Modern diesel engines are workhorses of transport and industry, but their exhaust is a stubborn source of air pollution and climate‑warming gases. This study explores an inventive idea: running a standard diesel engine on a mix of regular diesel, oil made from waste plastics, and hydrogen gas. By carefully testing these combinations, the researchers show how we might squeeze more useful power out of each drop of fuel while cutting harmful emissions at the same time.

Why Mix Hydrogen with Diesel and Plastic Oil?

Hydrogen burns very quickly and cleanly: it contains no carbon, so it does not directly produce carbon dioxide or soot. Pyrolysis oil, in contrast, is a liquid fuel obtained by heating waste plastics until they break down into smaller molecules. Turning trash into fuel could reduce both landfill and the demand for crude oil, but this oil on its own can be thick, smelly, and hard on engines. The authors combine small amounts of plastic‑derived oil with standard diesel and then add a steady stream of hydrogen gas. Their goal is to use diesel’s reliability as a “pilot” fuel to ignite the mixture, hydrogen’s fast flame to clean up the burn, and the plastic‑based oil as a partial, low‑cost replacement for fossil diesel.
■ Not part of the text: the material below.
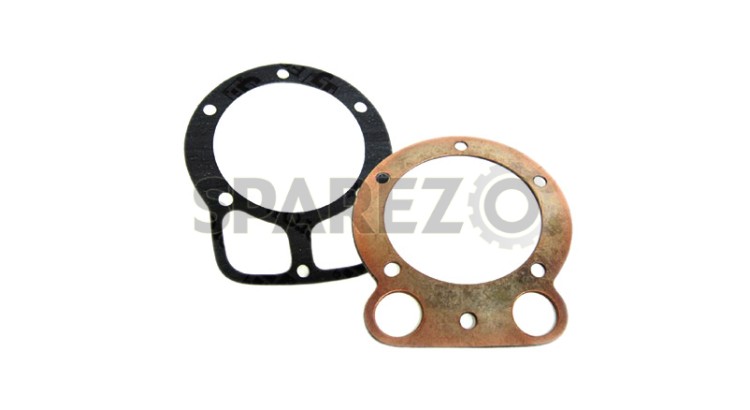 Royal Enfield 500cc Cylinder Head And Barrel Gasket Set - SPAREZO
How the Engine Tests Were Run

The team used a single‑cylinder diesel engine similar to those found in generators and small machinery. They ran it at a constant speed while changing how hard it was loaded, from no load up to full power. Four fuel cases were compared: pure diesel; a 50–50 energy share of diesel and hydrogen; diesel with 10% plastic pyrolysis oil; and the same 10% plastic oil blend plus a fixed flow of hydrogen. Sensitive pressure sensors and data systems recorded how the pressure rose inside the cylinder and how heat was released during combustion. At the same time, exhaust analyzers measured key pollutants such as carbon monoxide, unburned hydrocarbons, carbon dioxide, and nitrogen oxides.

More Power from Less Fuel

Two main fuel setups stood out. When 10% of the diesel was replaced by pyrolysis oil, the engine reached a brake thermal efficiency of about 34%, roughly one‑fifth better than with plain diesel. In simple terms, more of the fuel’s chemical energy was turned into useful shaft power instead of being wasted as heat. Fuel consumption at full load dropped from about 0.35 to 0.22 kilograms per kilowatt‑hour. Adding hydrogen to this plastic‑oil blend slightly lowered efficiency but raised the peak pressure inside the cylinder and kept the heat release very sharp and controlled. This indicates a faster, more complete burn, driven by hydrogen’s quick ignition and easy mixing with air.

Cleaning Up the Exhaust

Pollution readings showed clear advantages for the mixed fuels. The blend of diesel, 10% plastic oil, and hydrogen produced the lowest levels of carbon monoxide, unburned hydrocarbons, and carbon dioxide among all tested cases. Compared with pure diesel, carbon monoxide fell by about one‑third, and hydrocarbon emissions dropped by more than ten percent, a sign that less fuel was slipping through unburned. Carbon dioxide was also lower, partly because less fossil carbon was burned per unit of power. Nitrogen oxides, a major smog‑forming pollutant, behaved differently: the lowest values came from the 50–50 diesel–hydrogen case, which reduced these emissions by roughly 14% compared with pure diesel. Statistical modeling confirmed that the measured trends were consistent and that the mathematical fits closely tracked the experimental data.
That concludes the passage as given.